Efficient and accurate noisy word processing method for text based on knowledge graph
A technology of knowledge graph and processing method, which is applied in the field of efficient and accurate noise word processing based on knowledge graph, which can solve problems such as lack of ability to filter noise words from spoken language to text, inappropriate deletion or missing deletion of homonyms and synonyms, and affecting sentence meaning, etc.
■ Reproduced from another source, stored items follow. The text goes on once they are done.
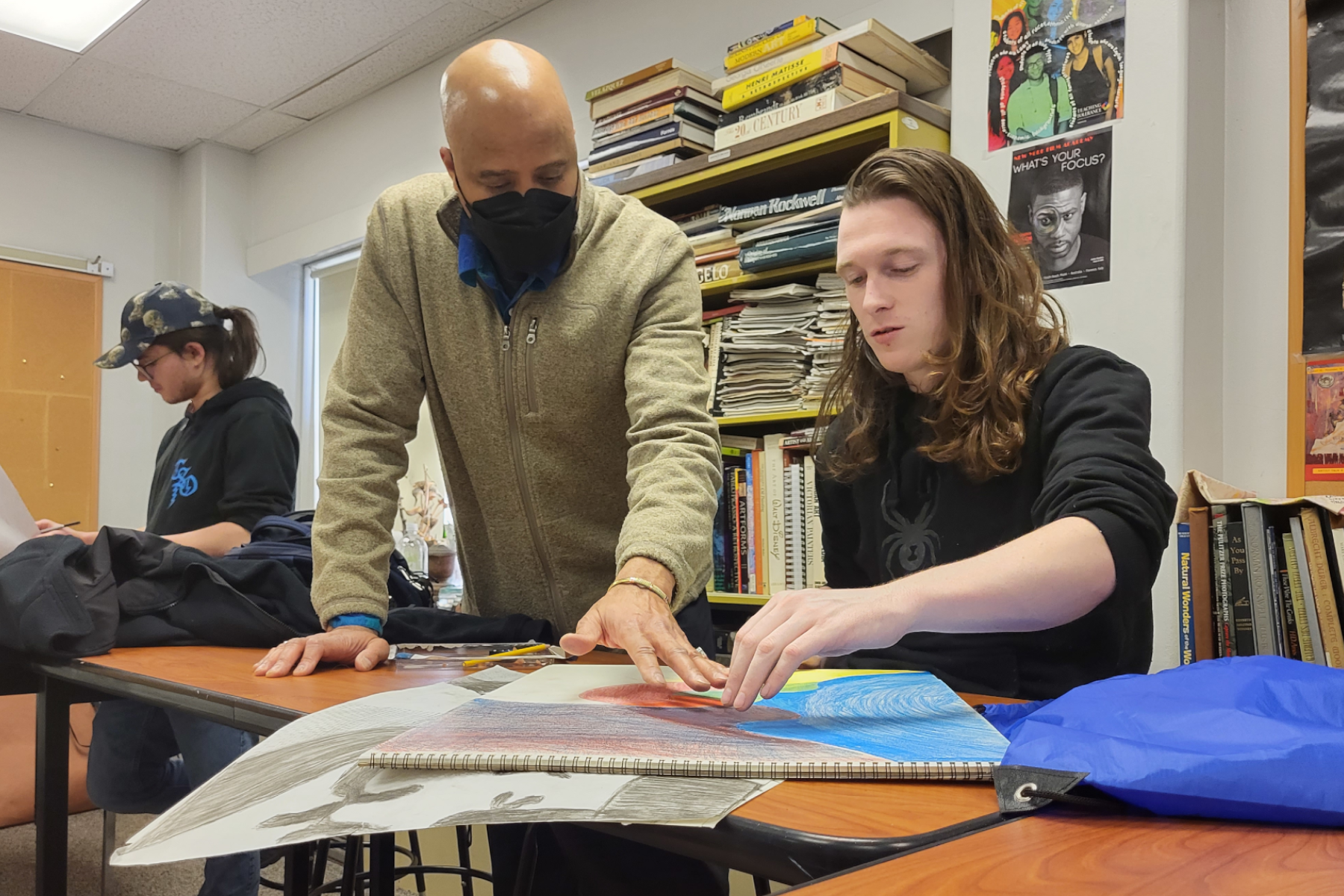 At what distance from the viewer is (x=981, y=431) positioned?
3.62ft

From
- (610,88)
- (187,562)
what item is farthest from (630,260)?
(610,88)

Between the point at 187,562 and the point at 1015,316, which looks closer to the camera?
the point at 1015,316

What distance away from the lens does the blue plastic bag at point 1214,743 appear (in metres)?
0.45

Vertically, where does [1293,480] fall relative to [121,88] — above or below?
A: below

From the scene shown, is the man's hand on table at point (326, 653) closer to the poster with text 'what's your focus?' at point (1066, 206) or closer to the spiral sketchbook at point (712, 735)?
the spiral sketchbook at point (712, 735)

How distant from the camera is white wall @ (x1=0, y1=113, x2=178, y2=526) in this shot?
4137 millimetres

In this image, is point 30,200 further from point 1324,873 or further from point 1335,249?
point 1324,873

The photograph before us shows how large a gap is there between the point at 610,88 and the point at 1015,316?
1.67m

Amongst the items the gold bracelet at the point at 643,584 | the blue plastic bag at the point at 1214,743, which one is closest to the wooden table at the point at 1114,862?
the blue plastic bag at the point at 1214,743

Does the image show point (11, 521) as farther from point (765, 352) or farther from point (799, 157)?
point (799, 157)

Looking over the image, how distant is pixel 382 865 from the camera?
3.27 ft

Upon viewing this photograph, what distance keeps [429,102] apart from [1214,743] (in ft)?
11.9

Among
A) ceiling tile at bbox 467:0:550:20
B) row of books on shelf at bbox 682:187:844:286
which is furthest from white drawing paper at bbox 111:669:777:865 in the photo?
ceiling tile at bbox 467:0:550:20

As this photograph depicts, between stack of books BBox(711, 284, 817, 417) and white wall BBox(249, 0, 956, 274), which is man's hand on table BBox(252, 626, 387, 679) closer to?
stack of books BBox(711, 284, 817, 417) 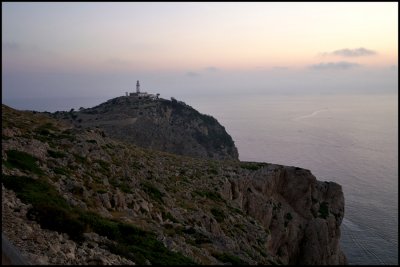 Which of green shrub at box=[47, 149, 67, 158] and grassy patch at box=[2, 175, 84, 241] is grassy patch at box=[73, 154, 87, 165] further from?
grassy patch at box=[2, 175, 84, 241]

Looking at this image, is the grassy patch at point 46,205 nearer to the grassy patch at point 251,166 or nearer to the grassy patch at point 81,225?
the grassy patch at point 81,225

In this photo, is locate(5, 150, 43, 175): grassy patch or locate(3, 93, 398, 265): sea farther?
locate(3, 93, 398, 265): sea

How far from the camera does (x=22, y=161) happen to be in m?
18.1

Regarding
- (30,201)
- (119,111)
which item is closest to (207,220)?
(30,201)

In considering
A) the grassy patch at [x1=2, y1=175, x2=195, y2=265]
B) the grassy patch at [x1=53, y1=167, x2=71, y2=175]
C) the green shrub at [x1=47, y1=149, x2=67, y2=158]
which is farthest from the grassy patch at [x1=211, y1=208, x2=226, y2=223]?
the green shrub at [x1=47, y1=149, x2=67, y2=158]

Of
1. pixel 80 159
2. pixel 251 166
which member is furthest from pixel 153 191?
pixel 251 166

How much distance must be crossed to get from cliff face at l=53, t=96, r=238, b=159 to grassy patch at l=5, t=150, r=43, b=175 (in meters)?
50.8

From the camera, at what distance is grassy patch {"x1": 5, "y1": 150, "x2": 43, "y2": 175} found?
56.6ft

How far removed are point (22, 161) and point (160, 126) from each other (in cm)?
7019

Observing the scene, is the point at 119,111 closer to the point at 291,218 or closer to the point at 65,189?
the point at 291,218

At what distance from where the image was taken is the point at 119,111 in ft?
330

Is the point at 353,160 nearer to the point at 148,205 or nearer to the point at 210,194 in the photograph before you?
the point at 210,194

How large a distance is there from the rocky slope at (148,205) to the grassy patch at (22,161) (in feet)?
0.21

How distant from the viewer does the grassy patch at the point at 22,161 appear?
679 inches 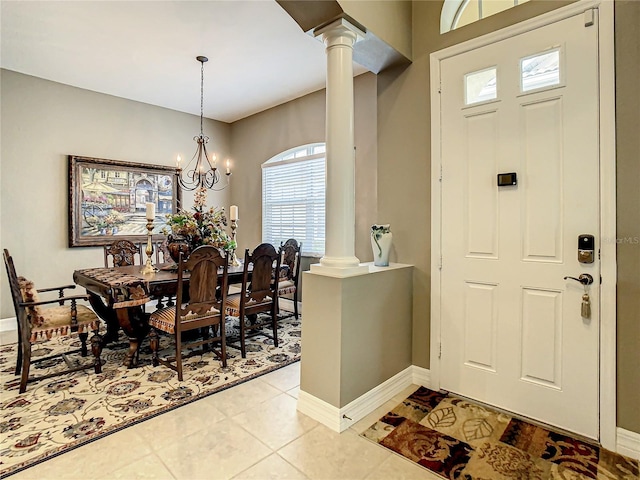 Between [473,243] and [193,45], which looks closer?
[473,243]

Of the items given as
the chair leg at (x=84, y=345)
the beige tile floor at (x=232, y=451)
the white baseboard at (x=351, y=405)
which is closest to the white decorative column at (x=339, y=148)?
the white baseboard at (x=351, y=405)

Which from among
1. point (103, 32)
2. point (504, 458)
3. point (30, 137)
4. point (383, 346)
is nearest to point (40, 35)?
point (103, 32)

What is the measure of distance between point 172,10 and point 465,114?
265cm

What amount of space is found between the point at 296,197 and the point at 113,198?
2617 mm

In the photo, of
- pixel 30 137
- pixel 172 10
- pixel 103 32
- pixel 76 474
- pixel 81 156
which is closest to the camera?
pixel 76 474

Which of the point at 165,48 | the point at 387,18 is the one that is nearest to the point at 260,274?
the point at 387,18

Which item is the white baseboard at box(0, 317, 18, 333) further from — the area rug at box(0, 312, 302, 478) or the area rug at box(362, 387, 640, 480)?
the area rug at box(362, 387, 640, 480)

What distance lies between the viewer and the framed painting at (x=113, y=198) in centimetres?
468

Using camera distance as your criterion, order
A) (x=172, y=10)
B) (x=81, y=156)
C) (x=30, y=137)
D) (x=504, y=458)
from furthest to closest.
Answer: (x=81, y=156) < (x=30, y=137) < (x=172, y=10) < (x=504, y=458)

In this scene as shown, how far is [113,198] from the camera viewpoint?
197 inches

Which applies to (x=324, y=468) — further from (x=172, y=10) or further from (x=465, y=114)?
(x=172, y=10)

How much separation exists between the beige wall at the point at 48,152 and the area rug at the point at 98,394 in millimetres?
1257

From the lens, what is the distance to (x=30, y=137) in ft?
14.2

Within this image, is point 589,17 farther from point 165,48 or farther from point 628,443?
point 165,48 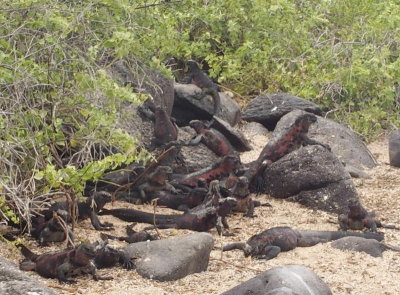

Achieve the effects of efficient and accurate filtering of noise words, overcoming interference, flexible expansion and real-time modification
- Summary
- Abstract
- Description
- Claims
- Application Information
AI Technical Summary
Problems solved by technology
Method used
Image
Examples
Embodiment 1
[0026] Such as figure 1 As shown, the present invention provides a technical solution, an efficient and accurate noise word processing method for text based on a knowledge map, including the following steps:
[0027] S1. Build a word lexicon that needs to be filtered, build a business knowledge map and add various homophones of business-related words;
[0028] S2, adding a weight to each of the above words;
[0029] S3. Segment the text through a word segmentation tool;
[0030] S4. First correct the text homophones into business words through the business knowledge map and record all business words that appear in the text;
[0031] S5. The corrected text matches the filter words, but the recorded business words are not affected by the filter;
[0032] S6. Outputting the filtered text.
[0033] According to the above technical solution, the filter lexicon in S1 is connected to the network data, and the lexicon is classified, including political power, pornography, violence...
Embodiment 2
[0042] The invention provides a technical solution, an efficient and accurate noise word processing method for text based on knowledge graph:
[0043] S1. Build a thesaurus that needs to be filtered, build a business knowledge graph and add various homophones of business-related words. The best classification of the filtered thesaurus can improve reusability;
[0044] S2, adding a weight to each of the above words;
[0045] S3. Use the word segmentation tool to segment the text and adjust the word segmentation effect:
[0046] Word weight: ["collect" 200, "concentrate" 100]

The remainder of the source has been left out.